§ **Goal of the exercise**
Transcribe exactly, and only, the lines that fall between the line containing "Gundam Card Game" and the last line of the material, both ends included, omitting any pictures.

§ **Task input**

+++

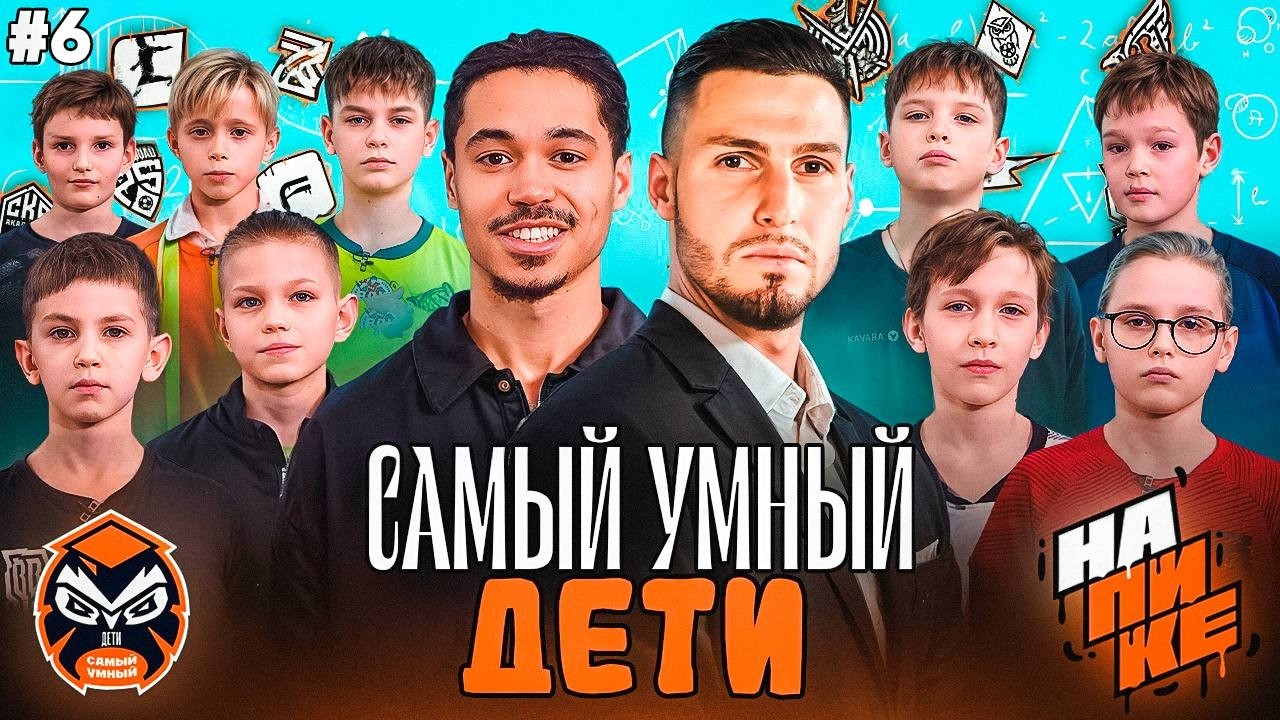 Самый Умный Дети / На Пике / Эд из 2drots против всех #6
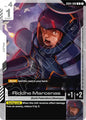 Gundam Card Game Phantom Aria Riddhe Marcenas GD04-098 Uncommon Near Mint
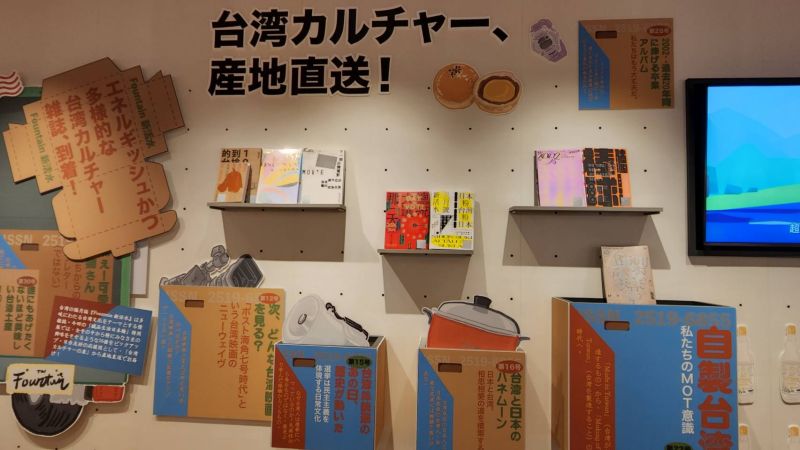 ▲文總《Fountain 新活水》「台灣文化,產地直送!」展區。(圖/記者李琦瑋攝,2022.09.16)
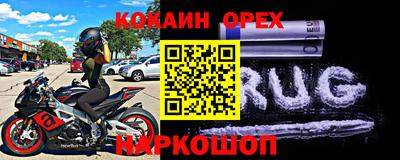 молекула духа Апшеронск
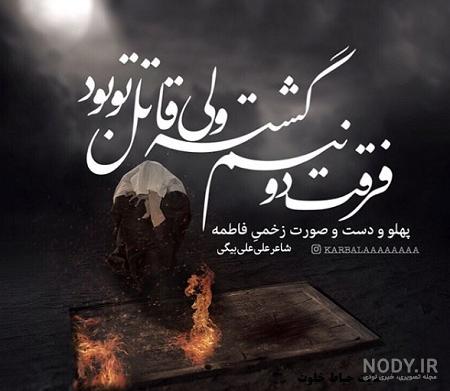 عکس نوشته درباره شب قدر و امام علی
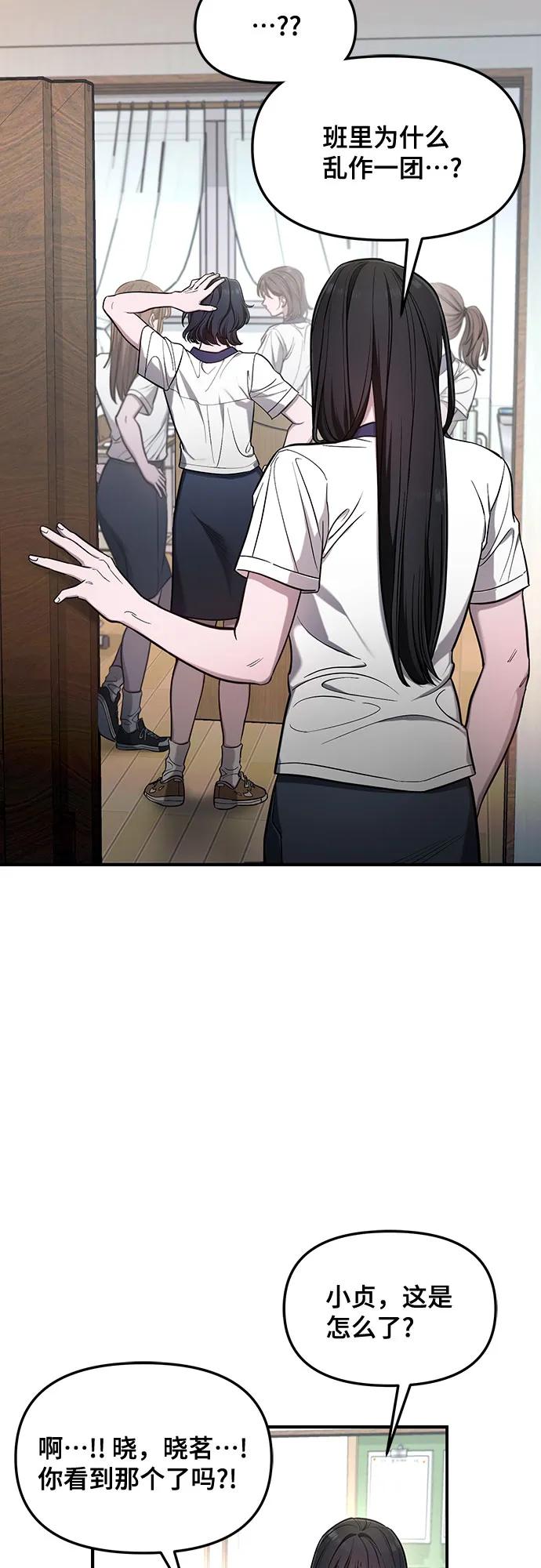 如出一辙的女儿 第108话 第3页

+++

§ **Finished task**
 Gundam Card Game Phantom Aria Riddhe Marcenas GD04-098 Uncommon Near Mint
 ▲文總《Fountain 新活水》「台灣文化,產地直送!」展區。(圖/記者李琦瑋攝,2022.09.16)
 молекула духа Апшеронск
 عکس نوشته درباره شب قدر و امام علی
 如出一辙的女儿 第108话 第3页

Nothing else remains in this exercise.